Not all browsers do as they should.

charset problems -
- There are various ways for the charset to be specified. Browsers should ignore the meta-tag method and honour the server headers
- MIME says the default encoding for a text/* mime type is US-ASCII
- HTTP says the default encoding for text/html is iso-8859-1
- HTML4.0 introduced a rule that there is no charset default; and CERT advisory CA-2000-02 describes some actual security reasons for not omitting an explicit charset specification.
Under the View menu recent versions of Internet Explorer have an Encoding submenu so that users can force the issue. In Mozilla the submenu's entitled Character Coding.
Font problems - Finally, having interpreted the character stream as HTML, the browser needs to render it onto a display. Although browsers may be able to support Unicode encoding schemes (eg utf-8), they typically rely on the platform/OS they run on to show text, so that platforms without complete Unicode support won't be able to show text correctly. E.g. win 98, and Lynx apparently recognises the charset but can only show docs in charsets compatible with that on which the terminal is running.

Writing WWW docs

It can be hard to writing "funny" characters. Sometimes you need specialised software and keyboards.
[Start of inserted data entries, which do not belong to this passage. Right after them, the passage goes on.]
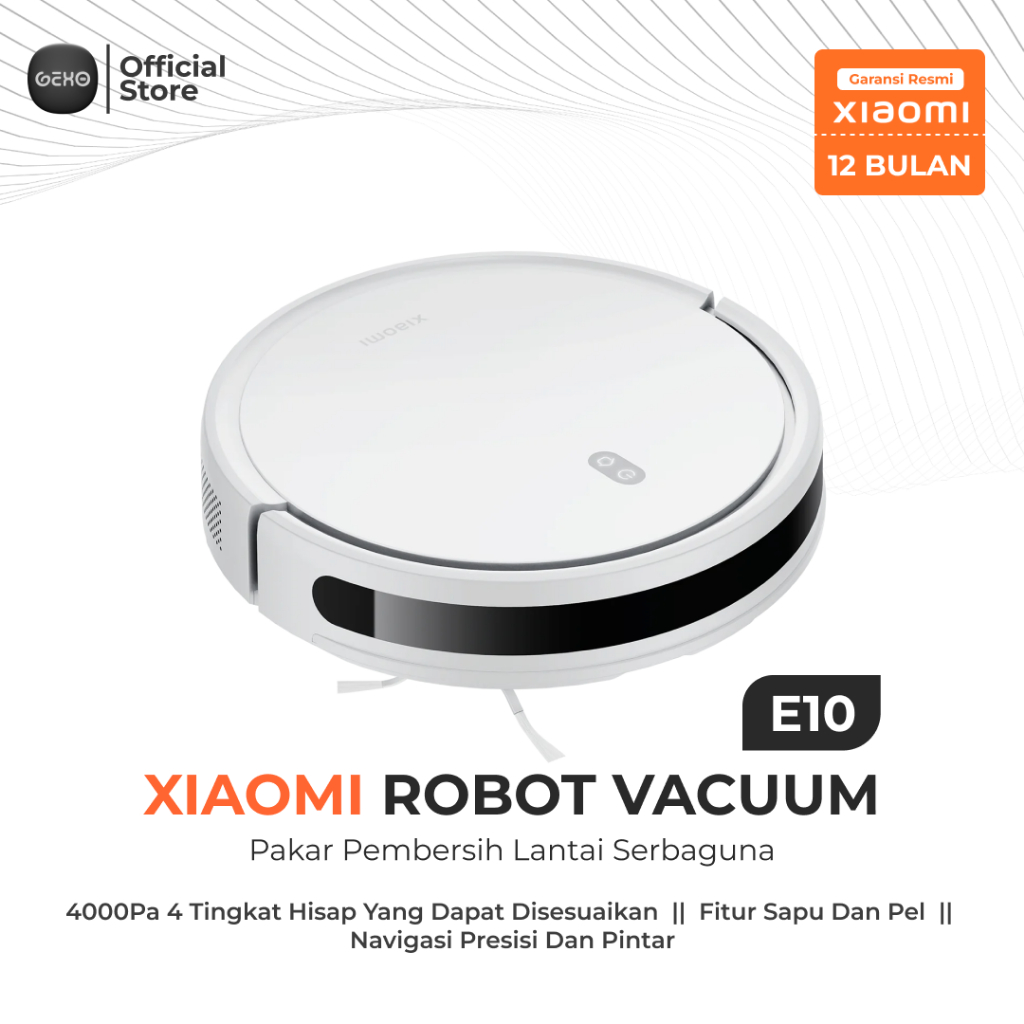Jual Xiaomi Robot Vacuum E10 Vacuum Cleaner GARANSI RESMI | Shopee
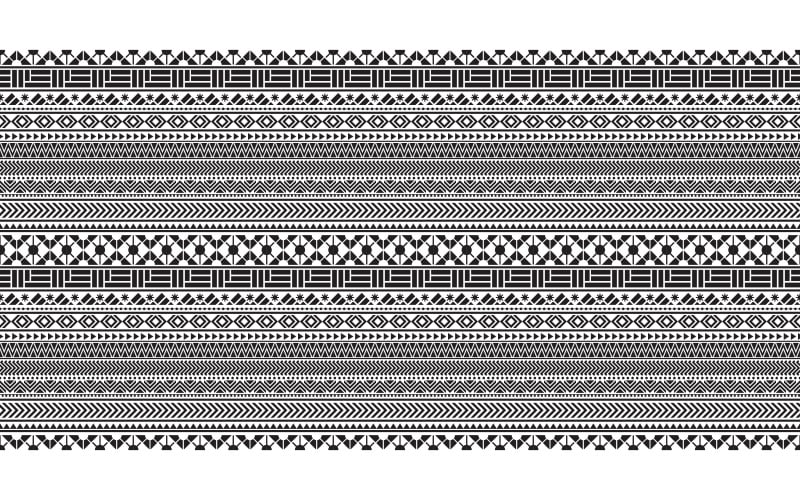 Stammes-nahtloses Muster geometrische nahtlose Azteken-Muster Kunst-Design-Vorlage v.5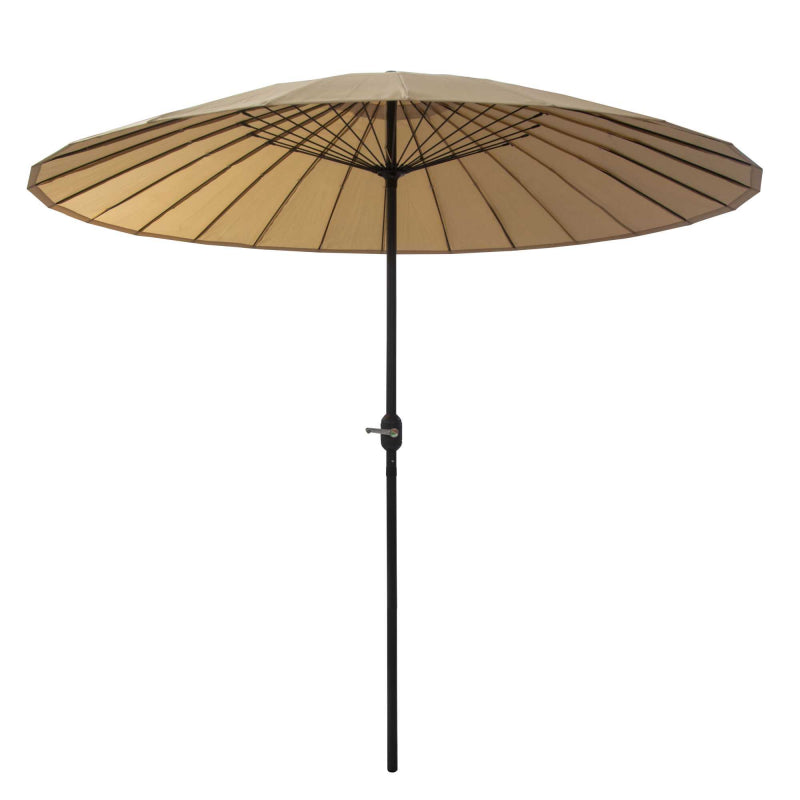 Ombrellone alluminio minnesota palo centrale 24 bacchette fibre di vetro cmø270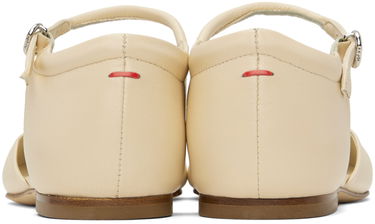 Tøj Aeyde Aeyde Miri Ankle Strap Flats Beige | A11-FL-RKLS08FL47-SS24-100-007, 1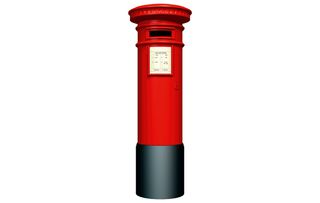 red pillar box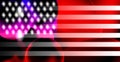 American flag background with bright gradient and blur effects Royalty Free Stock Photo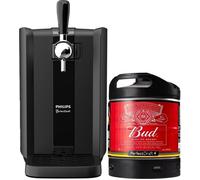 Pack Tireuse à bière PerfectDraft Black - 1 fût 6L Bud - 5e de consigne inclus - Idée cadeau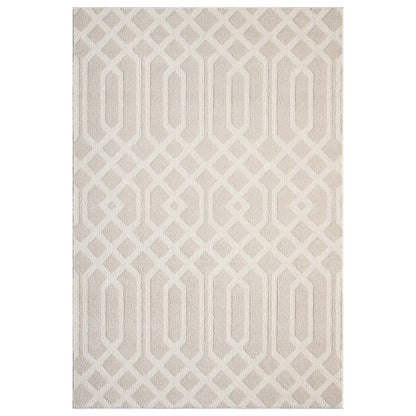 Fendi 138 beige Moderner Designer Teppich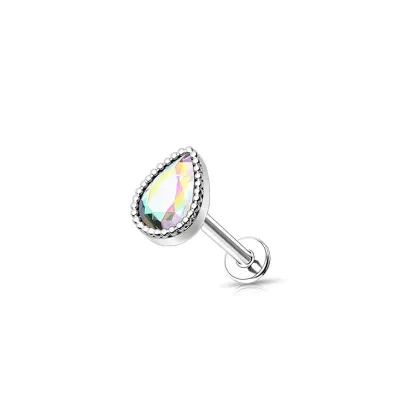 Women Fashion Stainless Steel Sun Moon Lip Nail Nose Body Piercing Jewelry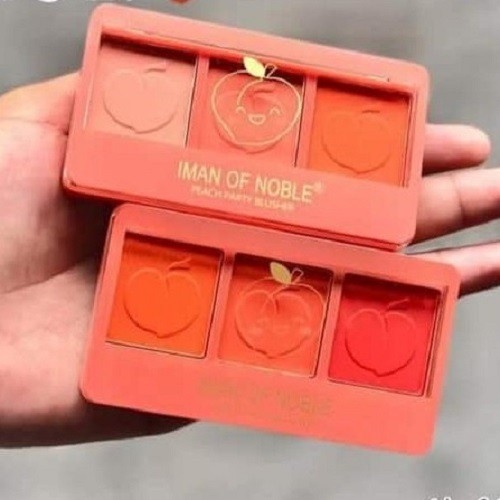 Phấn má hồng Iman Of Noble Sweet Peach 3 ô tiêu chuẩn Trung Quốc chính hãng giá rẻ tiết kiệm nên mua tại Gili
In HTML the whole document is in the one character coding, so you cannot switch between codings in mid document in the way that you might switch fonts. To cope with old and new browsers, A.J. Flavell suggests the following

Compose documents using only the characters of us-ascii
Represent characters that are not in iso-8859-1 by using their &#bignumber; references ("bignumber" > 255)
Represent "8-bit" iso-8859-1 characters by using their &entity; (preferred) or &#number; representations,
Send out the document with its charset advertised as utf-8

The rationale is as follows: Netscape browser versions 4.xx fail to render most of the unicode characters represented by &#bignumber; at most settings of the charset attribute. They can however work when the charset is set to utf-8. It's a very useful fact that us-ascii (7-bit) is a subset of utf-8. However, this forces you to represent your "8-bit" Latin-1 characters by means of &-constructions, unless you know how to generate correctly-coded utf-8 data streams.

The result can validly be advertised with any charset that includes us-ascii, such as us-ascii itself, iso-8859-1, or utf-8. By advertising it as utf-8, Netscape versions 4.xx are capable of displaying it correctly.

Other Language Issues

In HTML and Word Processors one can select fonts (using HTML's FACE, perhaps) and natural languages (LANG in HTML). Both of these concepts are distinct from the other issues so far mentioned. One can write in english using an italian font, and there are many hundreds of fonts that each show 'a' in a different though recognisable way.

Other applications

Emacs

With the emacs editor you can read, edit and write files in a variety of encodings - Chinese-BIG5, Latin-8 (Celtic), Latin-9 (updated Latin-1, with the Euro sign), etc. If you open an existing file emacs will try to guess its encoding system. New files will be in a default encoding which might be determined by your LANG environmental variable. Typing

  M-x describe-coding-system

will display the current settings and

  M-x list-coding-systems

will display all the options. Each coding system has variants to cope with different end-of-line conventions: e.g. iso-latin-1-unix, iso-latin-1-dos and iso-latin-1-mac all exist.

LaTeX

The inputenc package lets the LaTeX word processing program cope with files of various encodings. For example

   \usepackage[latin5]{inputenc}

can deal with ISO Latin 5 encoded files.

Java

The java compiler takes a -encoding command line option so that it can cope with source code in various encodings. If you want to do I/O with various character sets, note that Readers and Writers are Unicode-aware and can perform all the necessary encoding and decoding for you.